▶ The records

=== Section Start ===

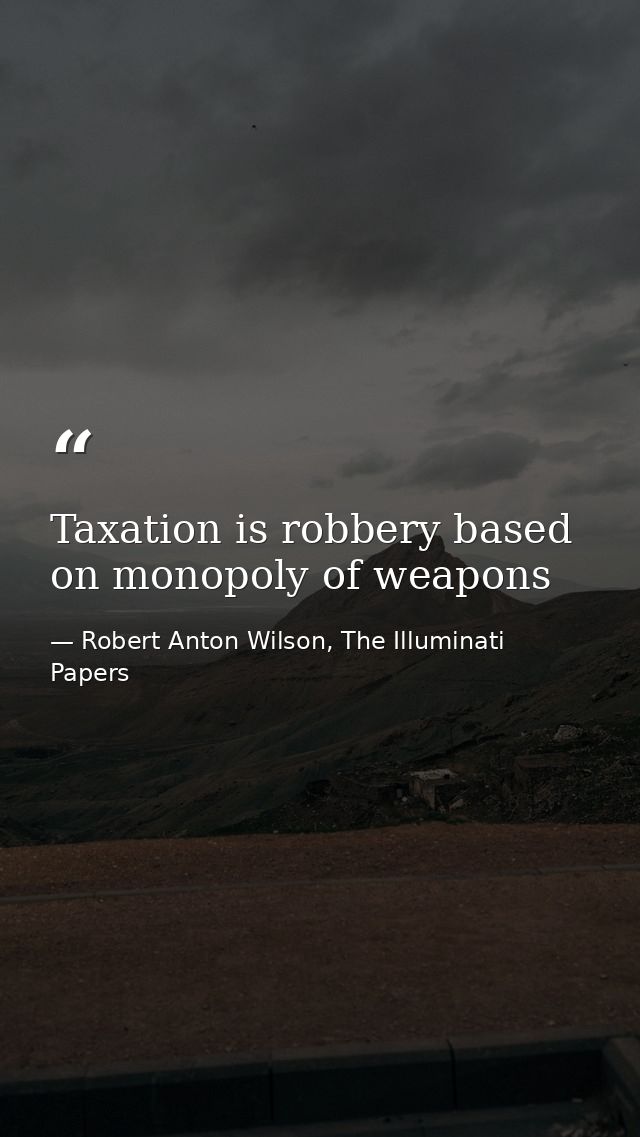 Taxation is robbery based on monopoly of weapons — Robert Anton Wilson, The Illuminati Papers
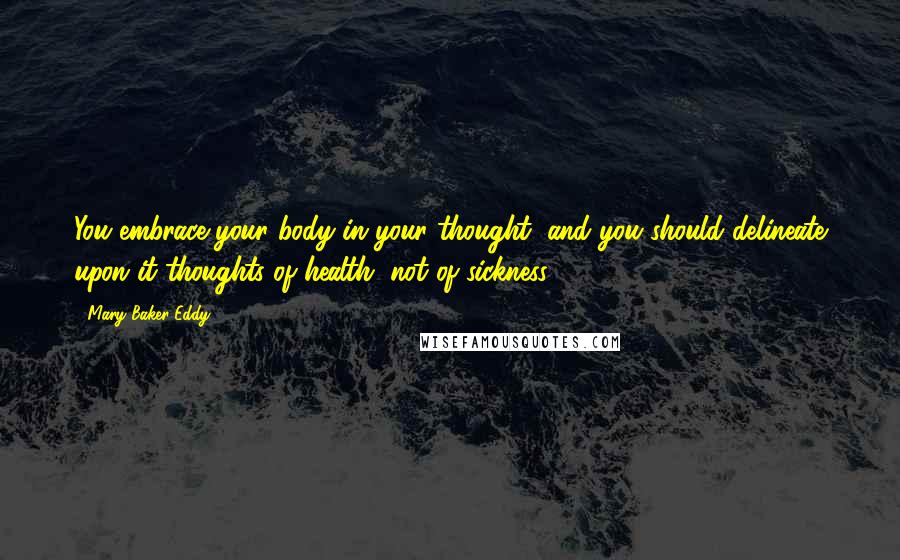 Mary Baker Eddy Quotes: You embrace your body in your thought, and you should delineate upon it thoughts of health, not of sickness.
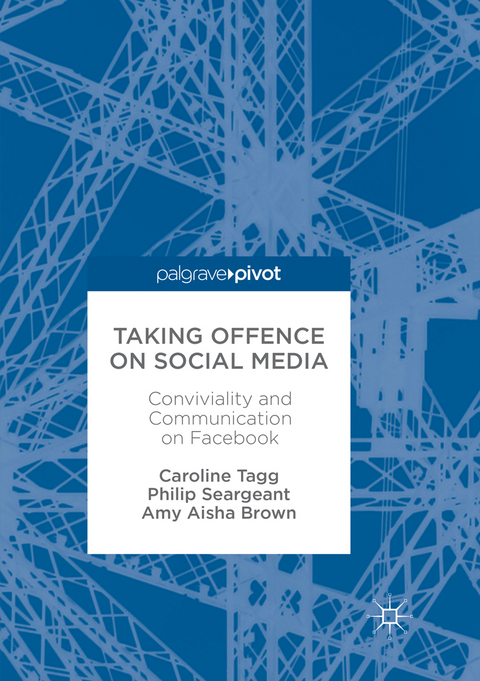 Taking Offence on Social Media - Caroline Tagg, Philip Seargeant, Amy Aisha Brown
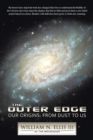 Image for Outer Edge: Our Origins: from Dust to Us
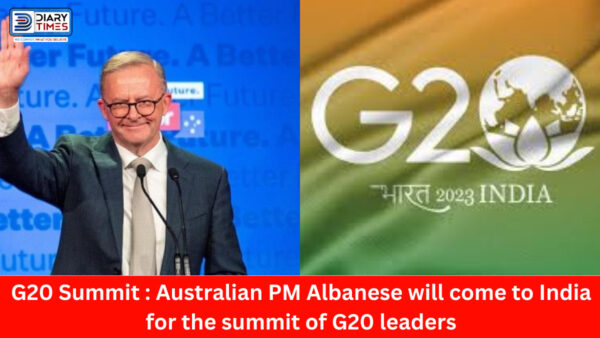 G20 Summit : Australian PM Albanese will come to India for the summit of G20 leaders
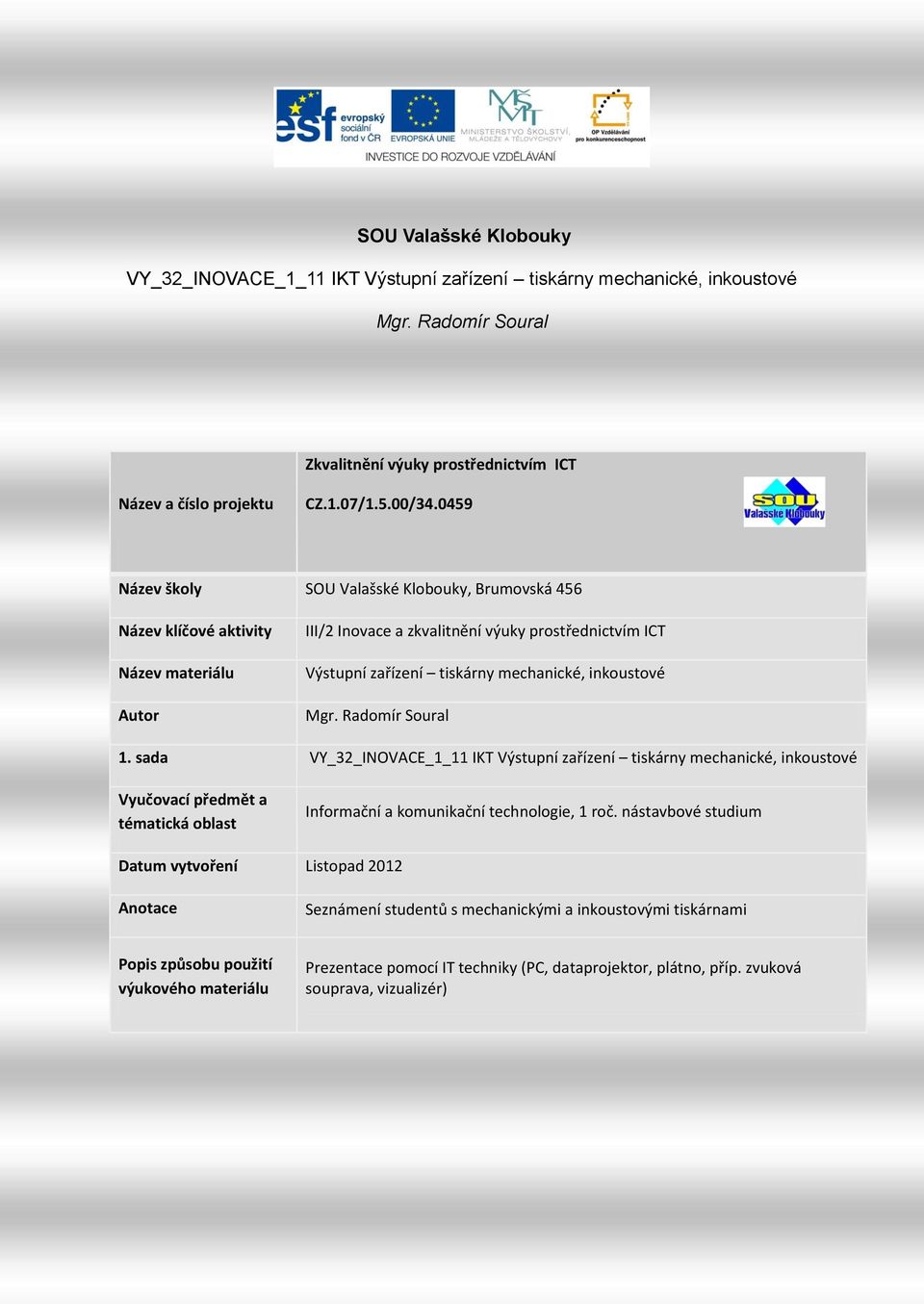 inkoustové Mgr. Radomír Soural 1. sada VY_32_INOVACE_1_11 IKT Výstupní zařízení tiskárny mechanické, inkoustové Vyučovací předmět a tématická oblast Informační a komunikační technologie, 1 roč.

=== Section End ===

Since the pictures are not wanted, transcribe only the rest of the material above, exactly as it stands.

▶ Answer space
 Taxation is robbery based on monopoly of weapons — Robert Anton Wilson, The Illuminati Papers
 Mary Baker Eddy Quotes: You embrace your body in your thought, and you should delineate upon it thoughts of health, not of sickness.
 Taking Offence on Social Media - Caroline Tagg, Philip Seargeant, Amy Aisha Brown
 Image for Outer Edge: Our Origins: from Dust to Us
 G20 Summit : Australian PM Albanese will come to India for the summit of G20 leaders
 inkoustové Mgr. Radomír Soural 1. sada VY_32_INOVACE_1_11 IKT Výstupní zařízení tiskárny mechanické, inkoustové Vyučovací předmět a tématická oblast Informační a komunikační technologie, 1 roč.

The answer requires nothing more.